26 Oktober 2016 Veröffentlichungen

Elasticsearch 5.0.0 released

Von Clinton Gormley

With 2,674 pull requests by 310 committers added since the release of Elasticsearch 2.0.0, we are proud to announce the release of Elasticsearch 5.0.0 GA, based on Lucene 6.2.0. This is the latest stable release and is already available for deployment on Elastic Cloud, our Elasticsearch-as-a-service platform.

Go and download it today! You know you want to.

Elasticsearch 5.0.0 has something for everyone. This is the fastest, safest, most resilient, easiest to use version of Elasticsearch ever, and it comes with a boatload of enhancements and new features.

Indexing performance

Indexing throughput has improved dramatically in 5.0.0 thanks to a number of changes including better numeric data structures (see New data structures), reduced contention in the lock that prevents concurrent updates to the same document, and reduced locking requirements when fsyncing the transaction log. Asynchronous translog fsyncing will particularly benefit users of spinning disks, and the append-only use case (think time-based events) has a big throughput improvement when relying on Elasticsearch to auto-generate document IDs. An internal change to how real-time document GET is supported means there is more memory available for the indexing buffer and much less time spent in garbage collection.

Depending on your use case, you are likely to see somewhere between 25% - 80% improvement to indexing throughput.

Ingest node

Getting your data into Elasticsearch just got a whole lot easier. Logstash is a powerful tool but many smaller users just need the filters it provides without the extensive routing options. We have taken the most popular Logstash filters such as grok, split, convert, and date, and implemented them directly in Elasticsearch as processors. Multiple processors are combined into a pipeline which can be applied to documents at index time via the index or bulk APIs.
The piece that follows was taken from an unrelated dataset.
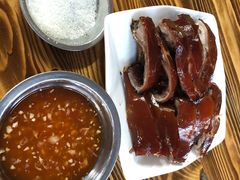 -黄记四更烤乳猪店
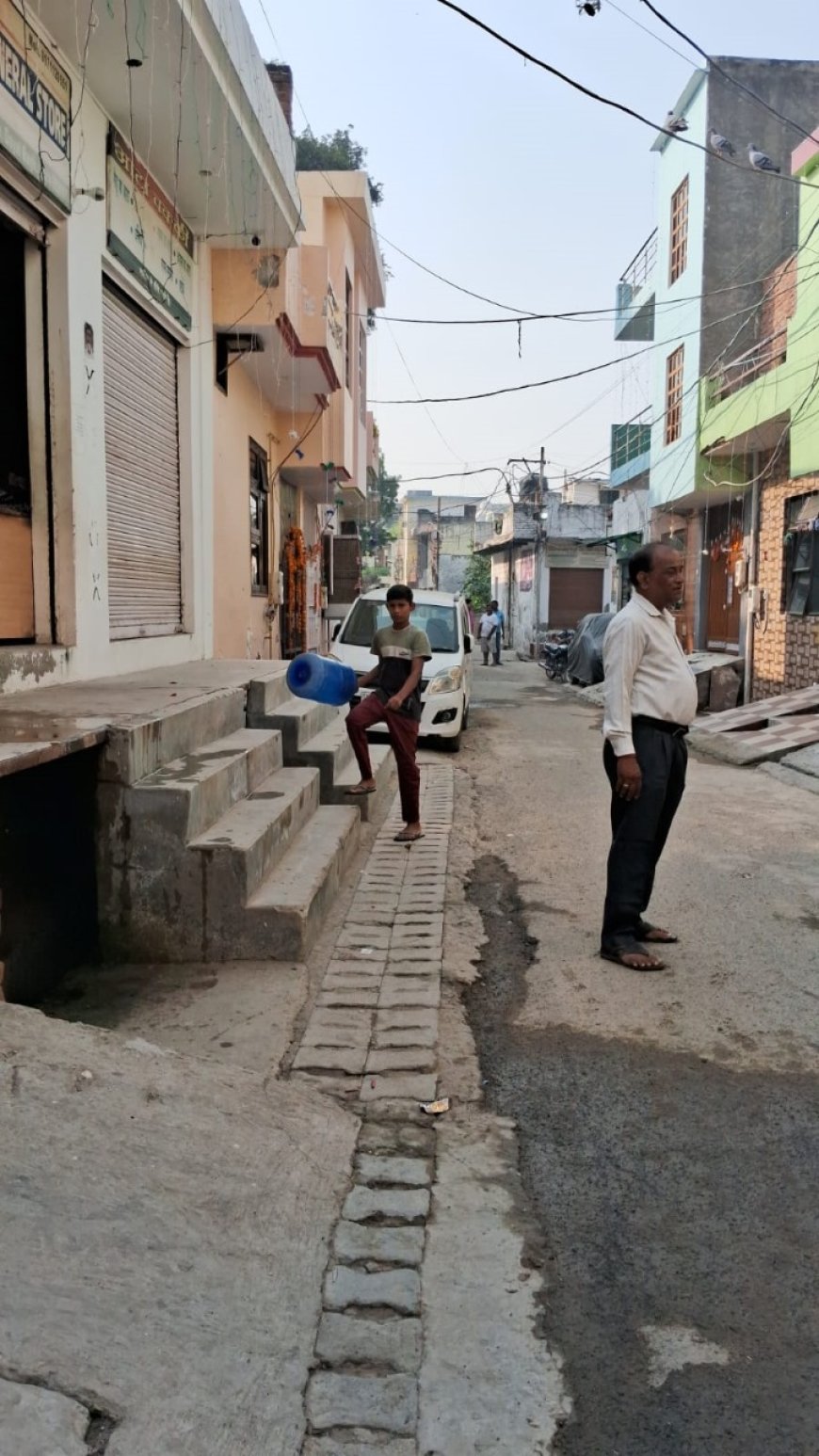 PHOTO SLIDE NEWS : नालों को आजाद कराओ सरकार, हम कहते हैं तो झगड़ा होता है! फोटोज में देखें ये लोग इतने नाराज क्यों हैं...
Now, ingesting log messages is as easy as configuring a pipeline with the Ingest API, and setting up Filebeat to forward a log file to Elasticsearch. You can even run dedicated ingest nodes to separate the extraction and enrichment work load from search, aggregations, and indexing. You can read more in A New Way to Ingest - Part 1.  If you have ideas for other processors or want to submit your own, let us know!

Painless scripting

Scripting is everywhere in Elasticsearch, and it was very frustrating to not be able to enable scripting by default for security reasons. We are thrilled to announce that we have developed a new scripting language called Painless, which is fast, safe, secure, and enabled by default. Not only that, Painless is 4 times as fast as Groovy, and getting faster. We like Painless so much that we have made it the new default scripting language and deprecated Groovy, Javascript, and Python.  Of course you can use Painless in a script query or alert on Painless scripted conditions using X-Pack but you can also combine a Painless script with the reindex API or an Ingest node for a powerful way to manipulate documents.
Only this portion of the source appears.